ESG is a relatively recent innovation in the world of ethical investing, and we think there is much to like about it. While investors previously had to choose between financial performance and personal values, ESG is now able to combine the best of both worlds by providing market-like returns while also reflecting the investor’s personal values. Briefly explained, ESG refers to the three main factors used in measuring the sustainability and ethical impact of investing in a company. ESG stands for ‘Environmental’, ‘Social’ and ‘Governance’, and each of these three areas incorporates a wide variety of metrics used in addressing sustainability and ethical concerns.

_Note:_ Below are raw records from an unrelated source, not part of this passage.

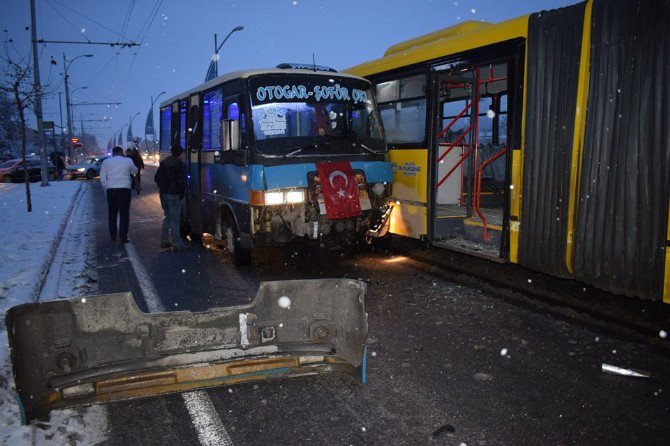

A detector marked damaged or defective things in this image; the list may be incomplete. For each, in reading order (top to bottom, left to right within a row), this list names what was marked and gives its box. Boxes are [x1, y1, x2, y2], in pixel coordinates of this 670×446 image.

damaged front end [5, 278, 370, 422]
detached bumper [5, 278, 370, 422]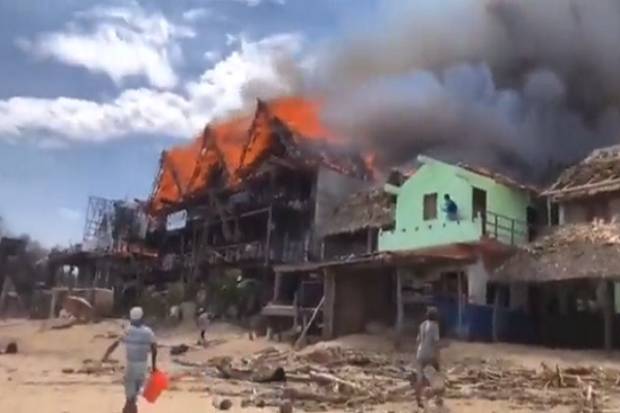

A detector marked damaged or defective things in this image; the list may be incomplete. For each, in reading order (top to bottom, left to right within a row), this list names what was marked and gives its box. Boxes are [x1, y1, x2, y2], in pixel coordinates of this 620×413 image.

burned roof structure [544, 145, 620, 201]
damaged wooden structure [147, 96, 370, 316]
burned roof structure [322, 187, 394, 235]
burned roof structure [494, 220, 620, 282]
damaged wooden structure [496, 146, 620, 350]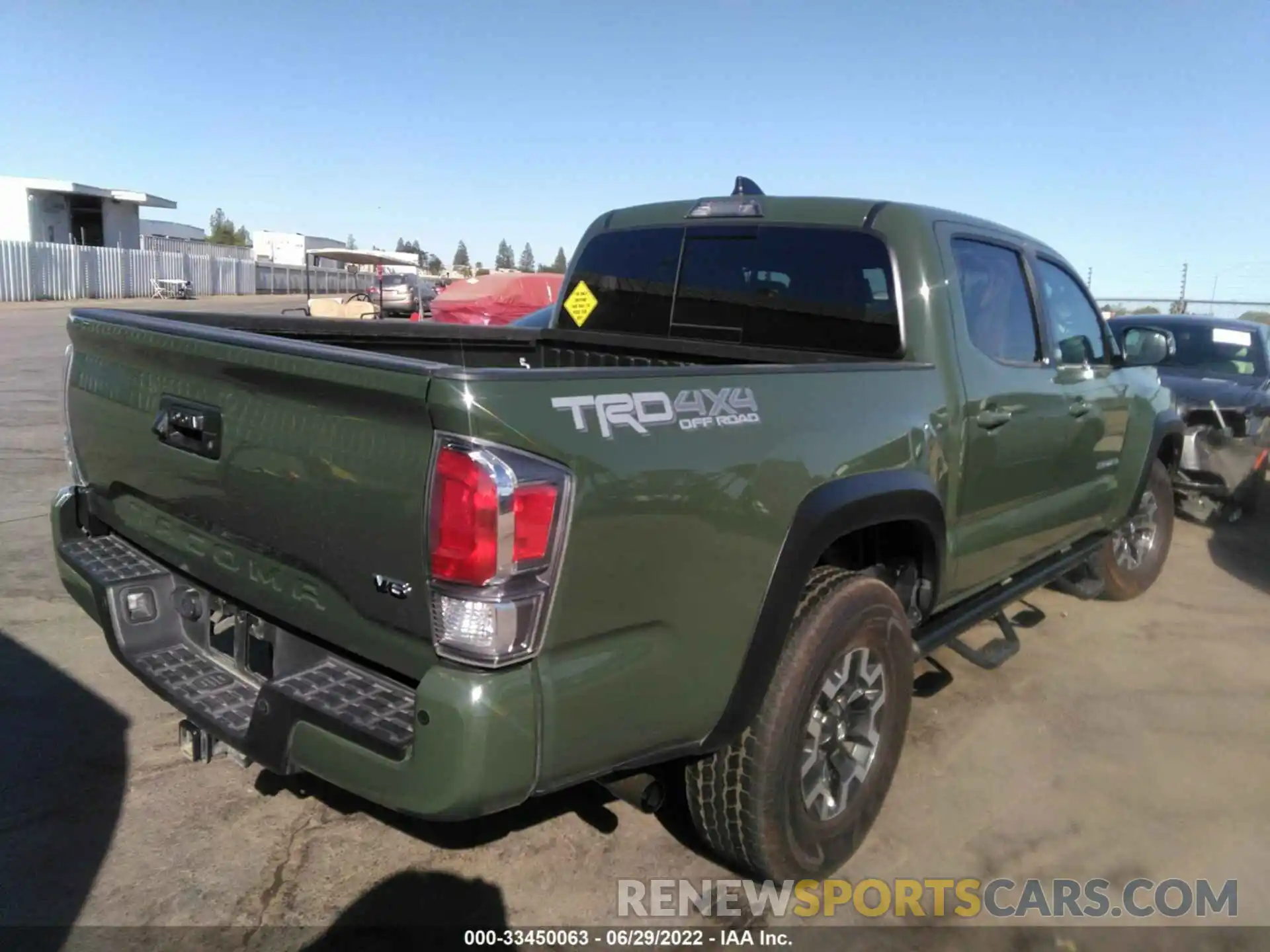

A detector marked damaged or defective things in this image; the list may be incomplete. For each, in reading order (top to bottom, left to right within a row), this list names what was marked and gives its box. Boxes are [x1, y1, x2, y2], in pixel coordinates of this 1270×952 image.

wrecked car [1107, 317, 1265, 518]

Investment strategies that take an ESG approach purposely invest more in stocks of companies that score well on ESG measures, and allocates less to those that score poorly. Moreover, companies that are the worst offenders on one or several metrics are typically excluded from the portfolio altogether.
What is Measured?
Environmental, Social and Governance represent the three major categories that ESG strategies focus on, and there are more than one thousand metrics covering several dozen key underlying ESG issues. Under the Environmental umbrella, such key issues include carbon emission (a key metric on climate change), water quality, biodiversity and toxic waste, to name a few. Some of the issues under the Social umbrella are labor rights, health & safety, privacy & data security, and anything from tobacco to the production of cluster bombs. The last category, Governance, addresses issues related to shareholder rights, transparency, business ethics, leadership diversity and corruption. In sum, these three factors cover a wide range of ethical issues that are important to many investors.
While investing in ethical companies is not a new phenomenon, improvements in technology, better access to data and a general increase in investor demand all contributed to the development of ESG investing. This field was previously referred to as Socially Responsible Investing (SRI), and the terms are still used interchangeably by many. While SRI was generally characterized by more concentrated and expensive portfolios through its focus on company exclusions and screens, today’s ESG approach seeks to capture the risk and return of the stock market, by investing in companies that take more ethical approaches to various aspects of E, S, and G.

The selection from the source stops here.